Exercise: Copy only the lines from the one with "Lựa chọn lốp" through the end of the records, exactly as they stand. No pictures belong in the copy.

Brief descriptive captions:
Segment Open

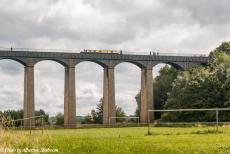 Longbridge IMM - Classic Car Road Trip: Het Pontcysyllte Aquaduct gezien vanaf de Dee Vallei. Het aquaduct werd ontworpen door civiel ingenieur Thomas Telford, het...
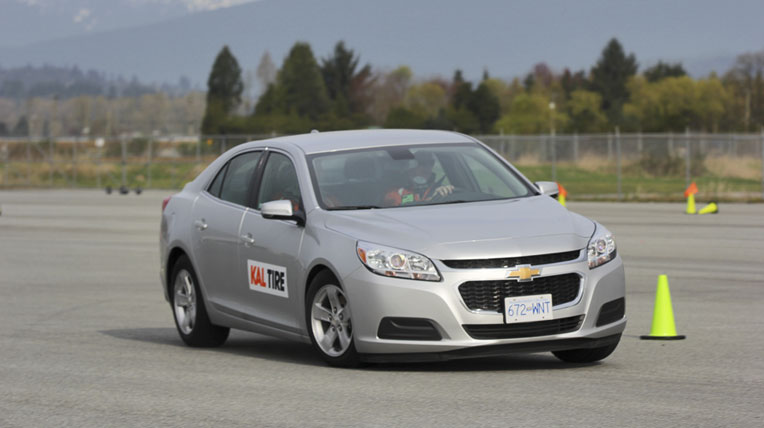 Lựa chọn lốp xe – không hề đơn giản tire-ratings (2).jpg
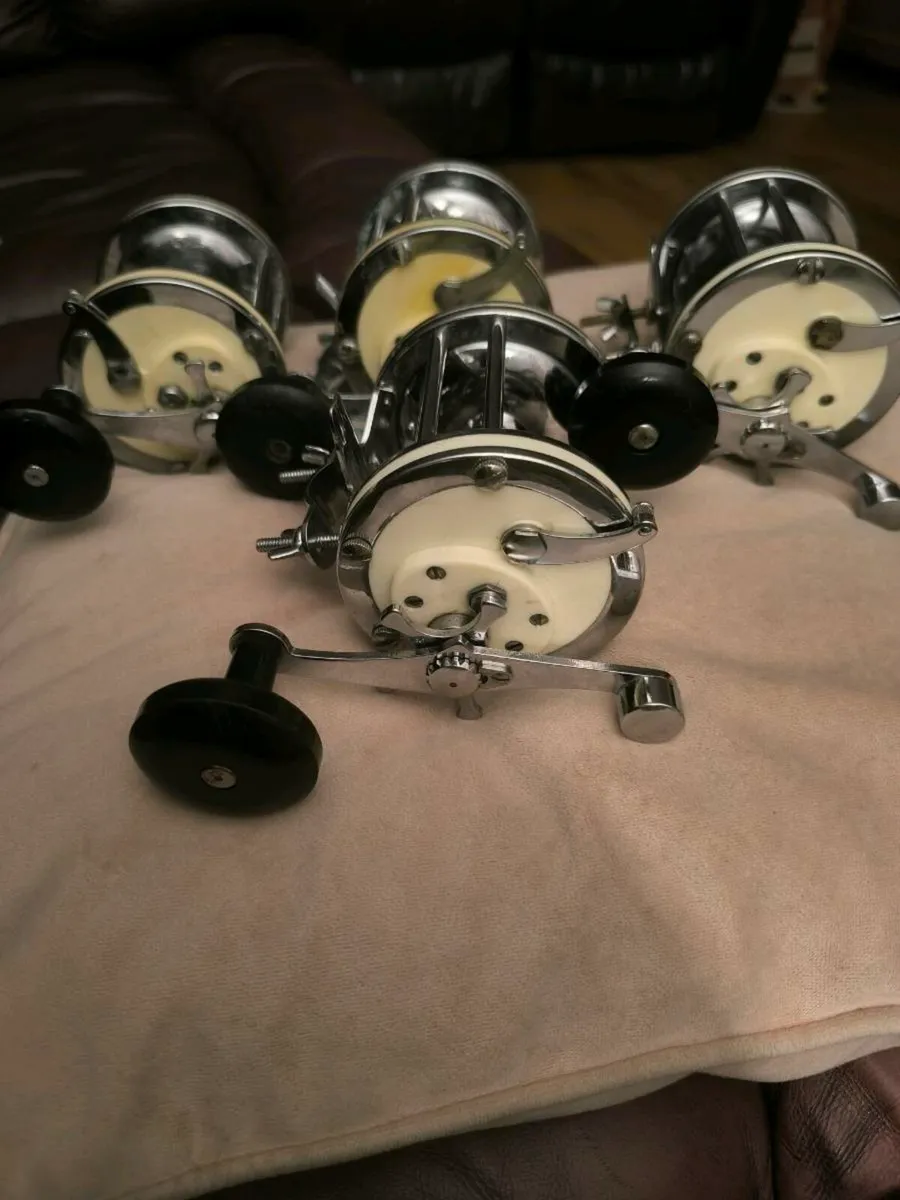4 Vintage Mitchell 624 multiplier boat reels - Image 3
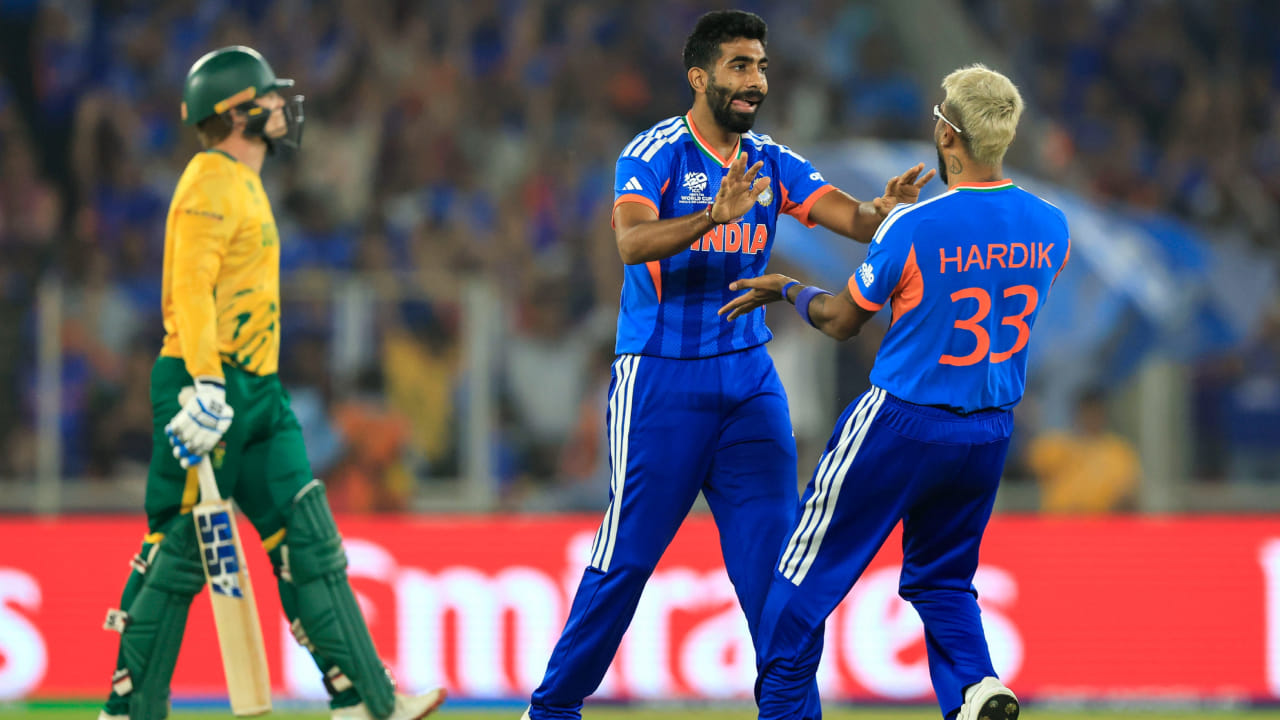 ಮತ್ತೊಂದೆಡೆ, 2026 ರ ಟಿ 20 ವಿಶ್ವಕಪ್‌ನ ಕೆಲವೇ ದಿನಗಳಲ್ಲಿ ಐಪಿಎಲ್ ಪ್ರಾರಂಭವಾಗಲಿದೆ. ವಿಶ್ವಕಪ್ ಪಂದ್ಯಗಳು ನಡೆದ ಕ್ರೀಡಾಂಗಣಗಳನ್ನು ಮತ್ತೆ ಐಪಿಎಲ್‌ಗಾಗಿ ಸಿದ್ಧಪಡಿಸಲು ಮೈದಾನದ ಸಿಬ್ಬಂದಿ ಮತ್ತು ಸಹಾಯಕ ಸಿಬ್ಬಂದಿಗೆ ಸ್ವಲ್ಪ ಸಮಯ ಮಾತ್ರ ಇರುತ್ತದೆ. ಈ ಎಲ್ಲಾ ಸವಾಲುಗಳನ್ನು ಬಿಸಿಸಿಐ ಹೇಗೆ ನಿವಾರಿಸುತ್ತದೆ ಮತ್ತು ಈ ಮೆಗಾ ಟೂರ್ನಮೆಂಟ್ ಅನ್ನು ಹೇಗೆ ಆಯೋಜಿಸುತ್ತದೆ ಎಂಬುದನ್ನು ಕಾದು ನೋಡಬೇಕಾಗಿದೆ.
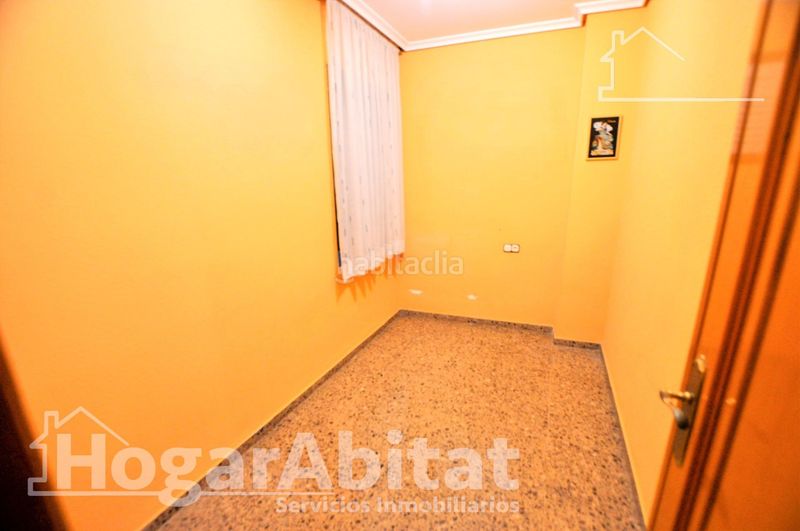 Foto a62f3532-60f6-463c-91ec-0227f49bd535. Casa amb aparcament a Núcleo Urbano Pobla de Vallbona (la)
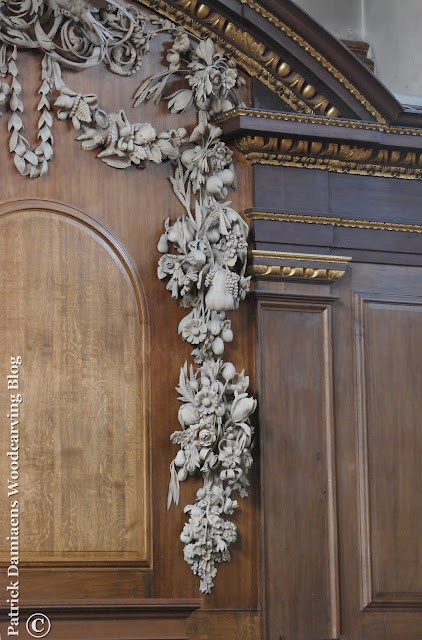 Grinling Gibbons houtsnijwerk in St James's kerk Piccadilly in London |  Hoog reliëf houtsnijwerk in lindehout.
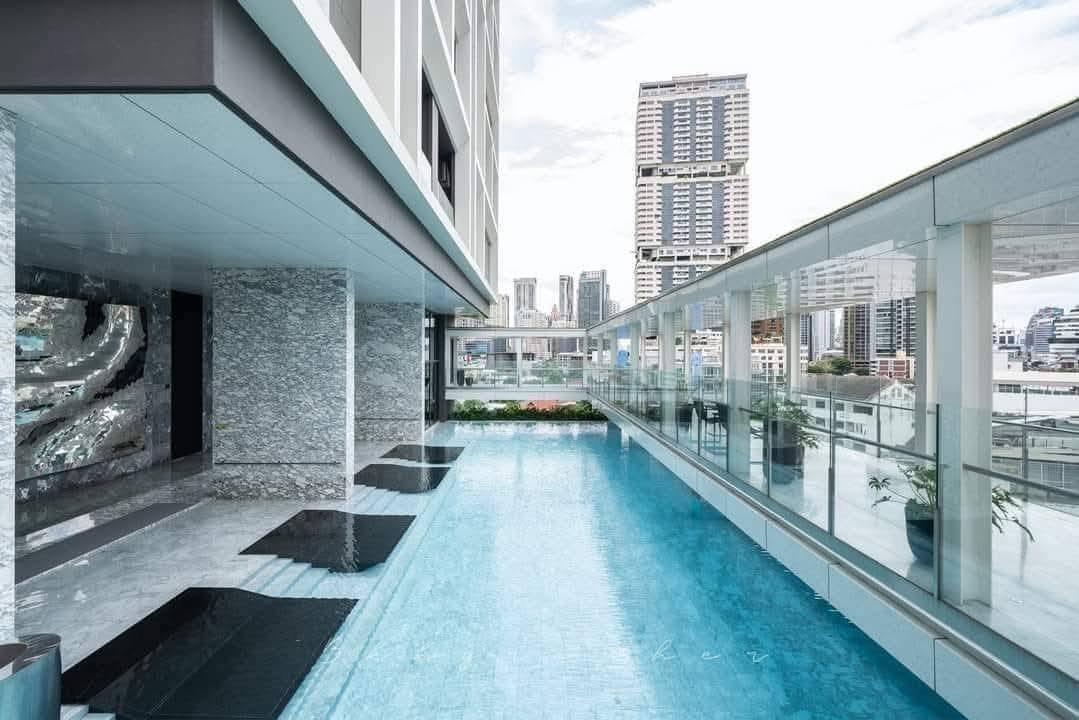 Luxury 2-bed, 2-bath, 80.26 sqm condo at BEATNIQ Sukhumvit 32, for rent at 90,000 THB/month. 300m from BTS Thonglor. Fully furnished. Call now!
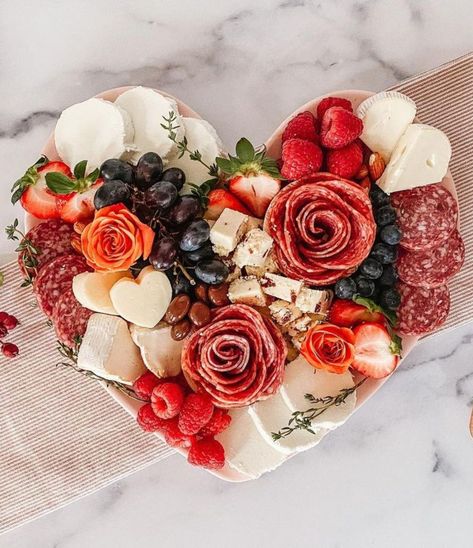 Charcuterie Board Ideas Bachelorette, Charcuterie Board Valentine’s Day, Heart Shaped Charcuterie Board, Valentines Party Snacks, Valentines Apps, Valentines Theme Baby Shower Ideas, Valentines Appetizers, Desert Charcuterie Board, Valentine Charcuterie Board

Segment Closed

Answer section:
 Lựa chọn lốp xe – không hề đơn giản tire-ratings (2).jpg
4 Vintage Mitchell 624 multiplier boat reels - Image 3
 ಮತ್ತೊಂದೆಡೆ, 2026 ರ ಟಿ 20 ವಿಶ್ವಕಪ್‌ನ ಕೆಲವೇ ದಿನಗಳಲ್ಲಿ ಐಪಿಎಲ್ ಪ್ರಾರಂಭವಾಗಲಿದೆ. ವಿಶ್ವಕಪ್ ಪಂದ್ಯಗಳು ನಡೆದ ಕ್ರೀಡಾಂಗಣಗಳನ್ನು ಮತ್ತೆ ಐಪಿಎಲ್‌ಗಾಗಿ ಸಿದ್ಧಪಡಿಸಲು ಮೈದಾನದ ಸಿಬ್ಬಂದಿ ಮತ್ತು ಸಹಾಯಕ ಸಿಬ್ಬಂದಿಗೆ ಸ್ವಲ್ಪ ಸಮಯ ಮಾತ್ರ ಇರುತ್ತದೆ. ಈ ಎಲ್ಲಾ ಸವಾಲುಗಳನ್ನು ಬಿಸಿಸಿಐ ಹೇಗೆ ನಿವಾರಿಸುತ್ತದೆ ಮತ್ತು ಈ ಮೆಗಾ ಟೂರ್ನಮೆಂಟ್ ಅನ್ನು ಹೇಗೆ ಆಯೋಜಿಸುತ್ತದೆ ಎಂಬುದನ್ನು ಕಾದು ನೋಡಬೇಕಾಗಿದೆ.
 Foto a62f3532-60f6-463c-91ec-0227f49bd535. Casa amb aparcament a Núcleo Urbano Pobla de Vallbona (la)
 Grinling Gibbons houtsnijwerk in St James's kerk Piccadilly in London |  Hoog reliëf houtsnijwerk in lindehout.
 Luxury 2-bed, 2-bath, 80.26 sqm condo at BEATNIQ Sukhumvit 32, for rent at 90,000 THB/month. 300m from BTS Thonglor. Fully furnished. Call now!
 Charcuterie Board Ideas Bachelorette, Charcuterie Board Valentine’s Day, Heart Shaped Charcuterie Board, Valentines Party Snacks, Valentines Apps, Valentines Theme Baby Shower Ideas, Valentines Appetizers, Desert Charcuterie Board, Valentine Charcuterie Board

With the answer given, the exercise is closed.